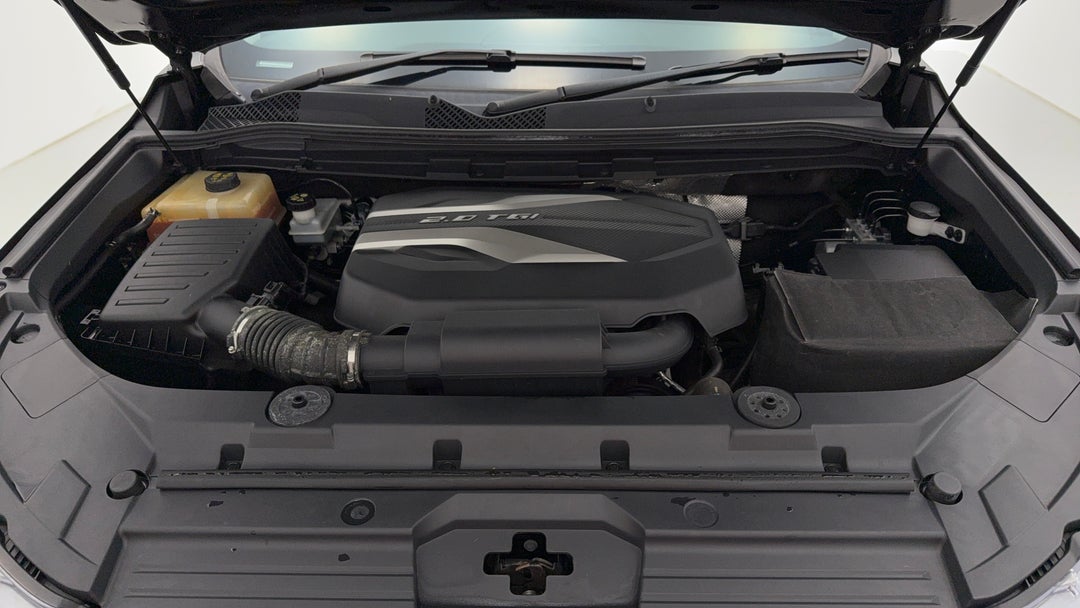 2022 LDV D90 Executive (4WD), Automatic, 54252 km, Open Bonnet (Engine)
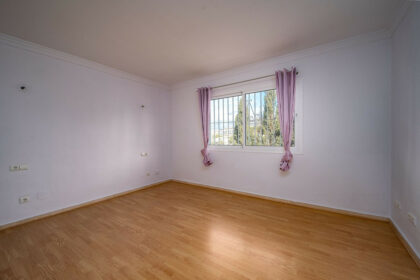 0f7005cb6edaccd9c84a924b1ba7fa36 - 10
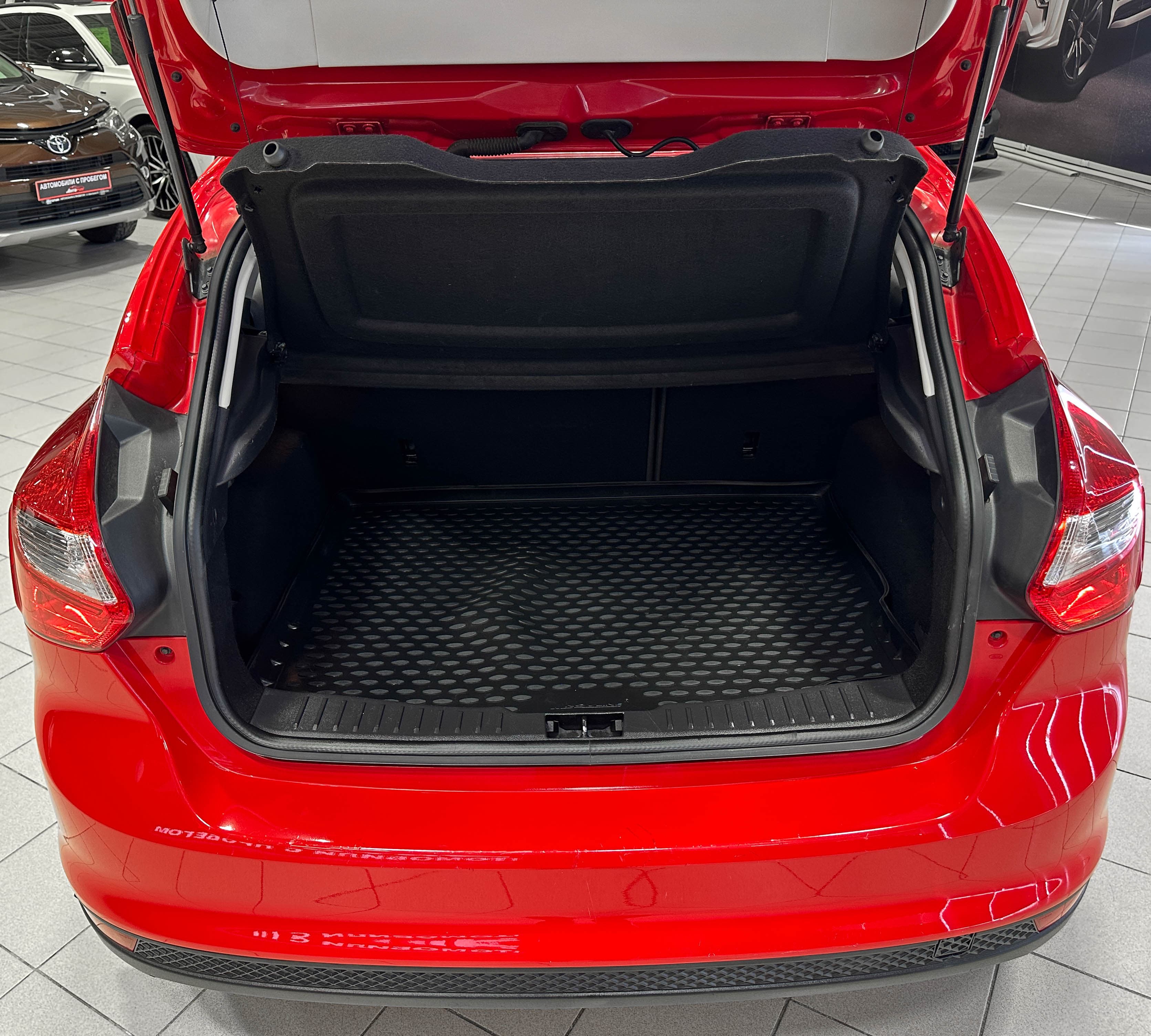 Ford Focus - фото 13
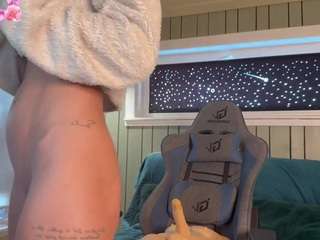 agatabryantt webcam camsoda model stream image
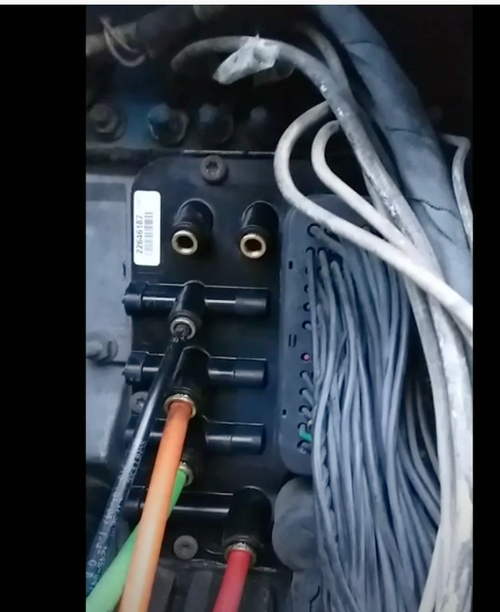 Air Manifold Volvo VNL 6th Gen 2 (2004-2018)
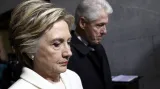 Bývalý prezident USA Bill Clinton a jeho žena Hillary, bývalá Trumpova protikandidátka, přijíždí na inauguraci Donalda Trumpa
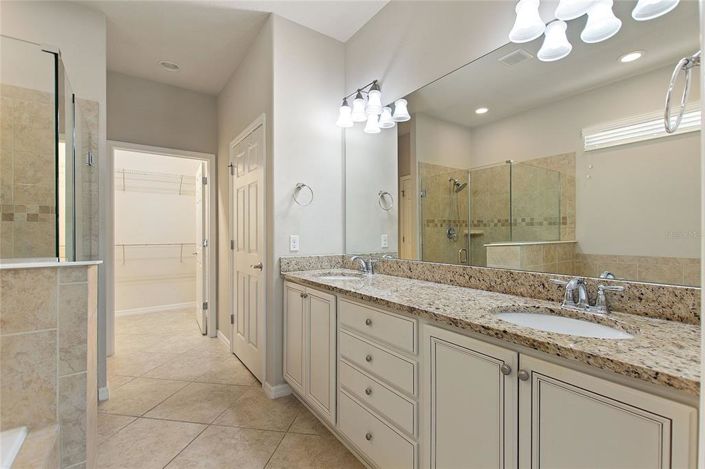 Image No.16-3 Bed House for sale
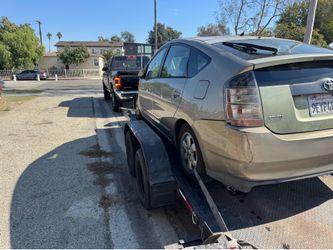 Tow trailer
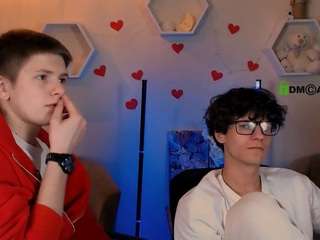den-rich Live Webcam on CamSoda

━━━

AIM OF THE EXERCISE: Beginning with the line containing "Air Manifold Volvo VNL 6th Gen 2 (2004-2018)" and ending with the last line of the data above, repeat each line exactly. Include no pictures and no other lines.

WORKED SOLUTION:
 Air Manifold Volvo VNL 6th Gen 2 (2004-2018)
 Bývalý prezident USA Bill Clinton a jeho žena Hillary, bývalá Trumpova protikandidátka, přijíždí na inauguraci Donalda Trumpa
 Image No.16-3 Bed House for sale
 Tow trailer
den-rich Live Webcam on CamSoda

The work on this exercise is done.